What we heard/saw/smelled about synesthesia
Synesthesia is that odd blending-together of senses. Those of us who don’t have it would probably pay to “taste” shapes or “hear” colors, at least temporarily. A new form of synesthesia has been discovered: “hearing-motion.” Cal Tech researchers set out to create a task in which synesthetes would have the advantage.
The researchers presented four self-professed synesthetes and 10 nonsynesthetes with 100 pairs of Morse code–like rhythmic sequences, each composed of either auditory beeps or flashes of white on a black background. The participants judged whether the two sequences in each pair were the same or different.

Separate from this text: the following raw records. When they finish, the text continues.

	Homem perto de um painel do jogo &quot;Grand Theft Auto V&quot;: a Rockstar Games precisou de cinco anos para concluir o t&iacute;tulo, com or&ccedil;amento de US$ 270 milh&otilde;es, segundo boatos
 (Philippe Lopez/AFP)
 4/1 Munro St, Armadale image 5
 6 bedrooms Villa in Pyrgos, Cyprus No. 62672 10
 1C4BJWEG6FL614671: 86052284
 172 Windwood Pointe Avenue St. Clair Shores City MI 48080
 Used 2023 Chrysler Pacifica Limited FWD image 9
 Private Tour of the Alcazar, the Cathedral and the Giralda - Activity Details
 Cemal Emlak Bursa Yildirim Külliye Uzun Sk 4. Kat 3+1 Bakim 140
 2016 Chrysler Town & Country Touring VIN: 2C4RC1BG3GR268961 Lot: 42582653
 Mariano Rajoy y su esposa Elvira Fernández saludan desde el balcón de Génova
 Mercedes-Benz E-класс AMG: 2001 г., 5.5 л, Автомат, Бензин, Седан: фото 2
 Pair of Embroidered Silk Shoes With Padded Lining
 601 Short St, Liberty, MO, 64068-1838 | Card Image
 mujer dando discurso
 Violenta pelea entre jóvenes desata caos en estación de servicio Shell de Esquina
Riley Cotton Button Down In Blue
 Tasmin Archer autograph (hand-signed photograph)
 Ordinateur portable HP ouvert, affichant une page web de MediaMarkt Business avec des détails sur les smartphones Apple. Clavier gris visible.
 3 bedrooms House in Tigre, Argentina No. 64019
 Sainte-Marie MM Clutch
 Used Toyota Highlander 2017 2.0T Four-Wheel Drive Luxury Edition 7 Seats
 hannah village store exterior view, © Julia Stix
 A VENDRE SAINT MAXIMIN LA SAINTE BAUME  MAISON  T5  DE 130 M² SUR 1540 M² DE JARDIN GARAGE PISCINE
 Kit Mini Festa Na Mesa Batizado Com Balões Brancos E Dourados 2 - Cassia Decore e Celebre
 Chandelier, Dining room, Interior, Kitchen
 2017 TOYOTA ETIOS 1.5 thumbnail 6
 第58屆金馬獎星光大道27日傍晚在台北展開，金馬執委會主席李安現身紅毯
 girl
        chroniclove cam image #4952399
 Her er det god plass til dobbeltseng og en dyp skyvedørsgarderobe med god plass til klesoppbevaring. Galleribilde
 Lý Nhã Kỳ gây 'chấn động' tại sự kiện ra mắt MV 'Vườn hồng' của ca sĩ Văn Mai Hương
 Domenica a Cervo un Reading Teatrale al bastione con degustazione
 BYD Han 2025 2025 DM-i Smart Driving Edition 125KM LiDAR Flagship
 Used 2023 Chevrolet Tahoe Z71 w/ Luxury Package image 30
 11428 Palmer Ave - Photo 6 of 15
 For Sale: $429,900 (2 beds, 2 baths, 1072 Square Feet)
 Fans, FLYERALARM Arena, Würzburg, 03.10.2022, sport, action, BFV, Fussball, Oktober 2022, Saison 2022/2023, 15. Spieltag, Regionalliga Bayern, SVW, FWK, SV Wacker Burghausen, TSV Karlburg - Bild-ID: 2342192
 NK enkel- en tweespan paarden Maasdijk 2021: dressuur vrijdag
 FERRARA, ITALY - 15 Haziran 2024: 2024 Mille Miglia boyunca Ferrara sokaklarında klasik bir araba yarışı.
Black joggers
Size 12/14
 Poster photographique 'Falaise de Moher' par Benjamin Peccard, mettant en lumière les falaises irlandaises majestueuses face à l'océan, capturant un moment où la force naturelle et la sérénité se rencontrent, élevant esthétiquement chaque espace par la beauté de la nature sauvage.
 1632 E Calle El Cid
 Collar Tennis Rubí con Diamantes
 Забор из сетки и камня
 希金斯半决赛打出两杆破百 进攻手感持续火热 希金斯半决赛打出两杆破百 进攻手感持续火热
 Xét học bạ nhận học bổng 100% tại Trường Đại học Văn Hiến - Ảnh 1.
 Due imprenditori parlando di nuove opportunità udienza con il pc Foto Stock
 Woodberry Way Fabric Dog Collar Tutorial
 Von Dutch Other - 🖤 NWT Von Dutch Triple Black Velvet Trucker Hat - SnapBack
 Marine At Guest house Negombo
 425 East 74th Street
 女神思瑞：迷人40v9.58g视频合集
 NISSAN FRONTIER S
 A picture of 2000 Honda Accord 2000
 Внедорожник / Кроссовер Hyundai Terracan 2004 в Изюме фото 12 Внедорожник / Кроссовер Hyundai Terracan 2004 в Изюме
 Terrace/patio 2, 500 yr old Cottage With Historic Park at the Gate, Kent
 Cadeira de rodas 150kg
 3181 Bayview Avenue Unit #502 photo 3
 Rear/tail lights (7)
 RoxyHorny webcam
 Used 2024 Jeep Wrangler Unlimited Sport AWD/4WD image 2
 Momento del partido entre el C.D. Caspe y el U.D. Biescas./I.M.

Both groups judged auditory patterns accurately about 85 percent of the time, the researchers report in the August 5 issue of Current Biology. On the visual trials, nonsynesthetes’ judgments fell to nearly chance levels, a result that corroborates other research showing that most people are better at judging auditory patterns than assessing visual patterns. In contrast, synesthetes—who reported hearing sounds such as beeps or taps in time with the visual signals—distinguished matching from nonmatching rhythms 75 percent of the time.
The writer’s assignment is to invent a job in which synesthesia would be a requirement.
[Story: Scientific American; image: Charkrem]
Tags: brain • neurology • senses








August 5th, 2008 at 7:12 pm
My goodness, I thought this was a phenomenon only associated with some mental disorders. Color me enlightened. Thanks for this post!
August 6th, 2008 at 8:35 am
Glad you liked it, Heather. It does seem to be associated with the arts, for whatever that’s worth. Nabokov talked about experiencing it, and he seemed to like it.